Slow Cooker Chicken-Chickpea-Mango Curry
Prep time
Cook time
Total time
This slow cooker chicken-chickpea-mango curry is perfect for not quite yet warm days. Toss it together after lunch and let it cook on high for 4 hours. Or prep it in the morning and let it simmer on low all day. Oh, and be sure to save any leftovers for lunch!

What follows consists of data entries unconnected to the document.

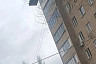 Рухнувшая из-за ветра часть балкона разбила иномарку саратовца 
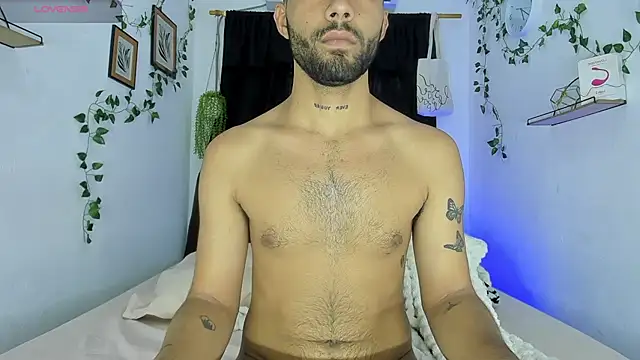 Alex BigDickkk online show from 24, 9, 2025
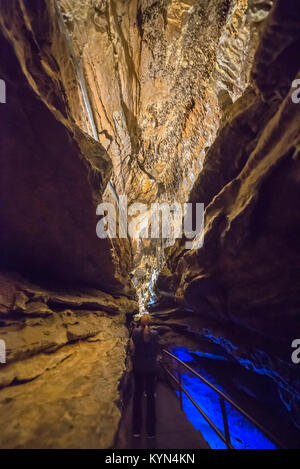 Ruby Falls ist in Lookout Mountain in der Nähe von Chattanooga, Tennessee und bei 145 Meter hoch gelegen ist der weltweit höchsten und tiefsten unterirdischen Wasserfall. Stockfoto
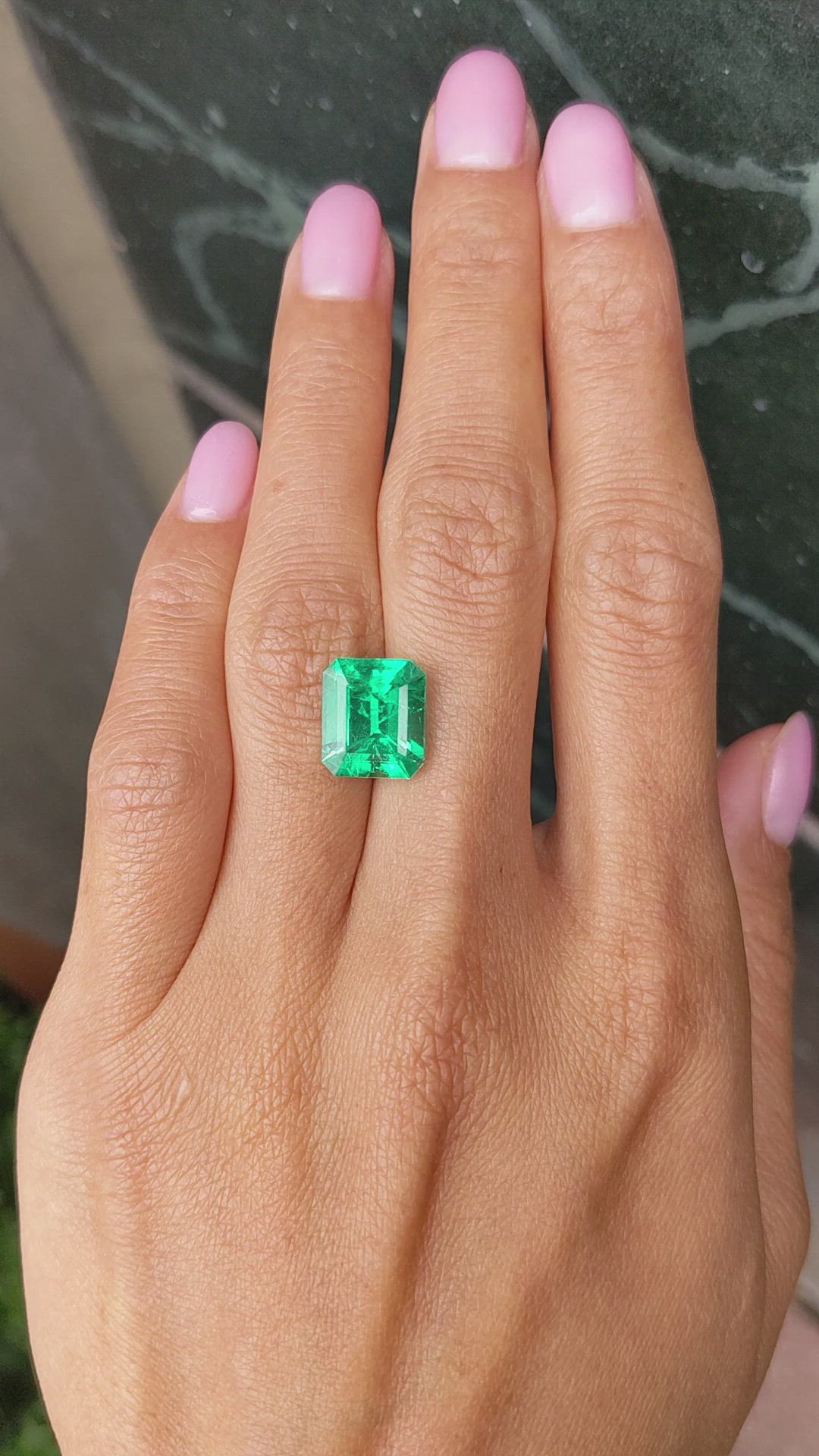 5.20 Ct. Emerald from Colombia Size Video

Recipe type: slow-cooker, gluten-free, dairy-free
Serves: 4-6 servings
  • 1 (13.5-ounce) can coconut milk
  • 1 to 2-inch section of fresh ginger, peeled and minced or 1 teaspoon dry ginger
  • 3 garlic cloves, minced
  • ¾ teaspoon salt
  • 1 tablespoon curry powder
  • ½ teaspoon cumin
  • ¼ teaspoon cayenne pepper
  • 1 pound boneless, skinless chicken breast (or thighs) cut into 1-inch pieces
  • 1 medium sweet potato, peeled and diced into ½-inch pieces
  • 1 yellow onion, chopped
  • 1 red bell pepper, chopped
  • 1 (15-ounce) can chickpeas, rinsed and drained
  • 2 cups frozen mango
  • (2 cups packed baby spinach or chopped kale)
  1. Combine coconut milk through the cayenne pepper in a slow cooker and whisk to combine. Add the chicken, followed by the onions, sweet potato, bell pepper, and chickpeas.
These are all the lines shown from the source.